[Short web captions]
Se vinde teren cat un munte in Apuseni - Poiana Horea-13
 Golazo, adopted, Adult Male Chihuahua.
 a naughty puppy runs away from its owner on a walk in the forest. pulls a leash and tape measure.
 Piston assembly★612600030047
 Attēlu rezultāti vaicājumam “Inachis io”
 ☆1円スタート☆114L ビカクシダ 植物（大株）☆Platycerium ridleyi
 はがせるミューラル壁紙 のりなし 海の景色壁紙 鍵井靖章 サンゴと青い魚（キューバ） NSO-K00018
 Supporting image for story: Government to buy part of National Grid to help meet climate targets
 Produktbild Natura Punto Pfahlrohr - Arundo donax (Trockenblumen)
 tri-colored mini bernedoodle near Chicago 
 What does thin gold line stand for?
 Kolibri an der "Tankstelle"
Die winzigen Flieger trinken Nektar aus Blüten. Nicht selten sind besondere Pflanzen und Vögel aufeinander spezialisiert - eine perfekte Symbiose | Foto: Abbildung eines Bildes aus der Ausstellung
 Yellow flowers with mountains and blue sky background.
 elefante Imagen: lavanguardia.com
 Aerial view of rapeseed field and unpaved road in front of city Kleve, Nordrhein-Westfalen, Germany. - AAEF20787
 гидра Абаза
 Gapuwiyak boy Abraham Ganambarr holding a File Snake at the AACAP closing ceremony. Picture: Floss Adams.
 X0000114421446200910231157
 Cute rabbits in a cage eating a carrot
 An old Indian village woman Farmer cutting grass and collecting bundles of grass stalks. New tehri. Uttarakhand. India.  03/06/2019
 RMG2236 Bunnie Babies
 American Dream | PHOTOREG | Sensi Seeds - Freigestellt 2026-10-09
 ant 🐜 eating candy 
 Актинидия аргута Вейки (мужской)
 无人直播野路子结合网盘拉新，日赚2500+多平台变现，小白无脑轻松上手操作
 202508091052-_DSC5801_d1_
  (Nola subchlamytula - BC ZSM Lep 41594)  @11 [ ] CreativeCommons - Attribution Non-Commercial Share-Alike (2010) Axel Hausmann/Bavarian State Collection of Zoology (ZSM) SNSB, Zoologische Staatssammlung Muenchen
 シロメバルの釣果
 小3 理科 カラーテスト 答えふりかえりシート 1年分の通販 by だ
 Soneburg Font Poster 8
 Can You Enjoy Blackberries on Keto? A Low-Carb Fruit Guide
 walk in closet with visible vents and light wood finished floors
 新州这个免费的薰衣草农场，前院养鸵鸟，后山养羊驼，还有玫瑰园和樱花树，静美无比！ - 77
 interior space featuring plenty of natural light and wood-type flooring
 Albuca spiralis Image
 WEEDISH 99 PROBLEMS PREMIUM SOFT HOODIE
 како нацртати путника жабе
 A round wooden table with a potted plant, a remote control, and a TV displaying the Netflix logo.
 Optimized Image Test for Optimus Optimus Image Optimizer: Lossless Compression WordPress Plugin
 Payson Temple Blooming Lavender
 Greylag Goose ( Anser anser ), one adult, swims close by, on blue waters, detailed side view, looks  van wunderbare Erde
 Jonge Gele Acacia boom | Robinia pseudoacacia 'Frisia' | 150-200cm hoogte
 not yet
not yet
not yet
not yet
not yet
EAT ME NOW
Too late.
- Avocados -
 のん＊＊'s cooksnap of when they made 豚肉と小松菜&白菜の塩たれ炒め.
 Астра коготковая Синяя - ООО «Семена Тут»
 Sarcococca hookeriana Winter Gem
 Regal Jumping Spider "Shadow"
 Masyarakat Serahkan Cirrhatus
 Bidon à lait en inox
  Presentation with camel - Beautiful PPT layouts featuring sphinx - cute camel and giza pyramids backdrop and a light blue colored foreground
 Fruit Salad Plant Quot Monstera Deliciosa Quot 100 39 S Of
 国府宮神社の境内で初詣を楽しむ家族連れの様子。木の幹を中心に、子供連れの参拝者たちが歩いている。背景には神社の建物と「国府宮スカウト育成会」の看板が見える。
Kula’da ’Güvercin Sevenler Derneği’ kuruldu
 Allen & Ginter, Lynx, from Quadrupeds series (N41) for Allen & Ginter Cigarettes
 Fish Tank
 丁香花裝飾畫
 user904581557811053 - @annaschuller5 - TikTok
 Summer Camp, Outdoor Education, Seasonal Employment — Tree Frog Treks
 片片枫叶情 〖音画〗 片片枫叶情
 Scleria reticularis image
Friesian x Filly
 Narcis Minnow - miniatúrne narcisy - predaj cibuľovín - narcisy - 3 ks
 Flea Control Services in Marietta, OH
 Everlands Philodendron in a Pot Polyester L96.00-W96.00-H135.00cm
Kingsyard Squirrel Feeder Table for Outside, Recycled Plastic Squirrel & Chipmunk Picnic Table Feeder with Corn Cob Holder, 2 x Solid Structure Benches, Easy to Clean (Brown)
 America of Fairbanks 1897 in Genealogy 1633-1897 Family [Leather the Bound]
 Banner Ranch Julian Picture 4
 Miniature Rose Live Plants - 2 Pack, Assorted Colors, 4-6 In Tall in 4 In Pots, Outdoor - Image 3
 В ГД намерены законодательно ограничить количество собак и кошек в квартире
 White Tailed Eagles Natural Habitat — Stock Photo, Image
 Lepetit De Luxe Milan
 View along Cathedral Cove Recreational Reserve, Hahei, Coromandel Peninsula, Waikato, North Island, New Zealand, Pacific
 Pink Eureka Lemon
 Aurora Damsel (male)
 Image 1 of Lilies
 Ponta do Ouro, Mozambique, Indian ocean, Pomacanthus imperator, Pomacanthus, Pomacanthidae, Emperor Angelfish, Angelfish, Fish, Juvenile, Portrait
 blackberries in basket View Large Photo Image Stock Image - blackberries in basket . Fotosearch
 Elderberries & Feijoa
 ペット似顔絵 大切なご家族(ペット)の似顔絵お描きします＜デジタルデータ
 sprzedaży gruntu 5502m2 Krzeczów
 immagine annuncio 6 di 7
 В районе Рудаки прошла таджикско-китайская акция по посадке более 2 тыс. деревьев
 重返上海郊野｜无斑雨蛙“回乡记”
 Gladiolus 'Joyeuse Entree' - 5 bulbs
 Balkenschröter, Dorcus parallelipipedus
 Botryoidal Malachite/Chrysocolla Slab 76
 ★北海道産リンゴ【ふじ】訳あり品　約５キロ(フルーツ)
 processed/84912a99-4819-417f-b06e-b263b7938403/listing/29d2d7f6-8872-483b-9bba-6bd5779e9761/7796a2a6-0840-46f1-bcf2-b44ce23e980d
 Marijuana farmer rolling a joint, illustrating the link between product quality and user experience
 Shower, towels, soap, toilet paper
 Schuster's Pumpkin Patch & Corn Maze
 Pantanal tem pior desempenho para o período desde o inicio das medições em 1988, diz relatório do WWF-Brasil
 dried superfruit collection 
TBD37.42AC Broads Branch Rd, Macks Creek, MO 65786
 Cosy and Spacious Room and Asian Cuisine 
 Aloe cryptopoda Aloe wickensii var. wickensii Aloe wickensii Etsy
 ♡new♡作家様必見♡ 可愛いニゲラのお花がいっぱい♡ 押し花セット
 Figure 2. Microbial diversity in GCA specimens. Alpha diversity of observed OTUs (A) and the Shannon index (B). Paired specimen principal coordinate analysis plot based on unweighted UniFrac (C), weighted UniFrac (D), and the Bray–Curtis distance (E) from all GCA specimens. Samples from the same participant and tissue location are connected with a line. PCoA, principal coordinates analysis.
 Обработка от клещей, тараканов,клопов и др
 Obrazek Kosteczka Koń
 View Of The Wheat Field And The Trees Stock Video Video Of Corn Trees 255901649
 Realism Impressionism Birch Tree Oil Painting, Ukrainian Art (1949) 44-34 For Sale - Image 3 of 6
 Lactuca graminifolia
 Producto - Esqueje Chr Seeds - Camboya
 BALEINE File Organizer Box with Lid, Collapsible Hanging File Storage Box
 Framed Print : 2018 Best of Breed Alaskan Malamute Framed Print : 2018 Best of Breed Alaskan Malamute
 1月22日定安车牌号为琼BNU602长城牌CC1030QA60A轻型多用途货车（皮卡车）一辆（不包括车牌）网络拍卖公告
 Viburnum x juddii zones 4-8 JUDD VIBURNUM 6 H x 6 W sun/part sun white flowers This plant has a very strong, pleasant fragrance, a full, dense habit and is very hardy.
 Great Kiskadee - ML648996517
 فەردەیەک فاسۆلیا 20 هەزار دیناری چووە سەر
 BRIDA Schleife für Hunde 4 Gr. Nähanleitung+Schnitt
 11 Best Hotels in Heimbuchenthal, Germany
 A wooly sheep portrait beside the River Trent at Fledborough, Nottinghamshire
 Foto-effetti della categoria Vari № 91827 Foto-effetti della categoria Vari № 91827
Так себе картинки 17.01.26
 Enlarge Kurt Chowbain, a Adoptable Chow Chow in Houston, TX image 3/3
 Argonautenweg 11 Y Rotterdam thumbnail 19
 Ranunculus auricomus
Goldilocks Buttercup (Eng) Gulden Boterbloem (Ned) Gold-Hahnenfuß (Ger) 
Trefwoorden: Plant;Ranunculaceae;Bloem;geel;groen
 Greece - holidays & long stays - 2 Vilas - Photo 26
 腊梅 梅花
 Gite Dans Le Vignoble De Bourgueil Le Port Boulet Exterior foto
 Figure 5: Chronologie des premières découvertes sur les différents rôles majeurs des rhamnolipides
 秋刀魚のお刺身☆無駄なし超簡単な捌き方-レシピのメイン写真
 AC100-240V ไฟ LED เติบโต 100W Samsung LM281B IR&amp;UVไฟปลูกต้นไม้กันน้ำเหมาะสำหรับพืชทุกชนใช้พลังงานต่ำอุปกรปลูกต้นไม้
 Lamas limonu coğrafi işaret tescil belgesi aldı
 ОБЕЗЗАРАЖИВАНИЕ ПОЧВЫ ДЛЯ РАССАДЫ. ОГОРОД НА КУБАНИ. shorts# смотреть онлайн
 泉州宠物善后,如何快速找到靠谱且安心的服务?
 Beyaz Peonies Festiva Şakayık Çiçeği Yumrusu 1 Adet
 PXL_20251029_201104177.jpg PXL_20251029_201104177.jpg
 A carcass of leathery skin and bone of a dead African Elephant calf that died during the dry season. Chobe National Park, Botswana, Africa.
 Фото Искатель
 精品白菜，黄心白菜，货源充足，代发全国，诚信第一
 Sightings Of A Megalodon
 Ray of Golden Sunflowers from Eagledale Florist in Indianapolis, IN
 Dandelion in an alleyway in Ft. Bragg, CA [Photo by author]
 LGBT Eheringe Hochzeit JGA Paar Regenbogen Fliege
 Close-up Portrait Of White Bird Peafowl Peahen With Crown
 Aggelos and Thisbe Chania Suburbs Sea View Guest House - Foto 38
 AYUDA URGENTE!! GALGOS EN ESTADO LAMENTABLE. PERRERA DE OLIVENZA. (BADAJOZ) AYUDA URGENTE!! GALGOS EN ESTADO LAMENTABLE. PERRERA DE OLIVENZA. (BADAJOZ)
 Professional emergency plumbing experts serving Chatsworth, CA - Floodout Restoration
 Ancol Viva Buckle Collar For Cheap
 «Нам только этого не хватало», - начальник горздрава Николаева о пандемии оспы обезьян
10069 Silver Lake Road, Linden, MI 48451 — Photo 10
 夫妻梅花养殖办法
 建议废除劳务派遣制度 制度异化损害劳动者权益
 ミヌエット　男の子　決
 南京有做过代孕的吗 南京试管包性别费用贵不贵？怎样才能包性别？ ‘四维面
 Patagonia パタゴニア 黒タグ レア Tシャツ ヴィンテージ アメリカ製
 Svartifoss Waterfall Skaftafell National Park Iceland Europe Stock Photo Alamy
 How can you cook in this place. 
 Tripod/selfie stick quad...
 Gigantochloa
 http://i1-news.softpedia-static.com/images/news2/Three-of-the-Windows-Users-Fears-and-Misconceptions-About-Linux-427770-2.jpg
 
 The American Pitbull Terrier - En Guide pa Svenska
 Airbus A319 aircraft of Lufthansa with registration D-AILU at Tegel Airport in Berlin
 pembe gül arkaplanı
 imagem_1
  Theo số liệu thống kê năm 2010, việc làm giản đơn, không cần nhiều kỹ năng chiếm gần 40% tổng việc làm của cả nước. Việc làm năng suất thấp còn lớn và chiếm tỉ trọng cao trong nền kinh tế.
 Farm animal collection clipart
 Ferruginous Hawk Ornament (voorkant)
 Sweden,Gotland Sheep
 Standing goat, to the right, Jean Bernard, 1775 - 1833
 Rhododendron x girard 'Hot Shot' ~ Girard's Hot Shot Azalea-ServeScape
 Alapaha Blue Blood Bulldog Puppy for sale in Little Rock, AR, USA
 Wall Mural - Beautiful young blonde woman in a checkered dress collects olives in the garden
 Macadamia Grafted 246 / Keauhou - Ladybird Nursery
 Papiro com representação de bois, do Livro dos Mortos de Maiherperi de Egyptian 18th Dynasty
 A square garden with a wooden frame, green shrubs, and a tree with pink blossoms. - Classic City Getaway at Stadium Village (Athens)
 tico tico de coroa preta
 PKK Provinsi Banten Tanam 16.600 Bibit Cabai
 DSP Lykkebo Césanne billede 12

## PROBLEM TO SOLVE
Please retype exactly the line containing "tico tico de coroa preta" and each line after it to the end of the records, and nothing more.

## ANSWER AREA
 tico tico de coroa preta
 PKK Provinsi Banten Tanam 16.600 Bibit Cabai
 DSP Lykkebo Césanne billede 12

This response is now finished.